- _What is being asked_
Could you reproduce, word for word, everything below from the line containing "Hennessy X.O Extra" down to the line containing "PAPILLONNER 牛革 シンプルフラップショルダーバッグ", with both of those lines included and no others?

- _Given data_
──────────
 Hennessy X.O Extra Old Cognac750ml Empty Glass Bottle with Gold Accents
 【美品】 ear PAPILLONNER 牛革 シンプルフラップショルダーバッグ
──────────
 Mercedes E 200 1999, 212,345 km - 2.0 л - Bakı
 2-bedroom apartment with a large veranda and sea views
──────────
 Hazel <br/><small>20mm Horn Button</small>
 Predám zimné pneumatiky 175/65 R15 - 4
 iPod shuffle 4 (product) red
──────────
- _Finished exercise_
 Hennessy X.O Extra Old Cognac750ml Empty Glass Bottle with Gold Accents
 【美品】 ear PAPILLONNER 牛革 シンプルフラップショルダーバッグ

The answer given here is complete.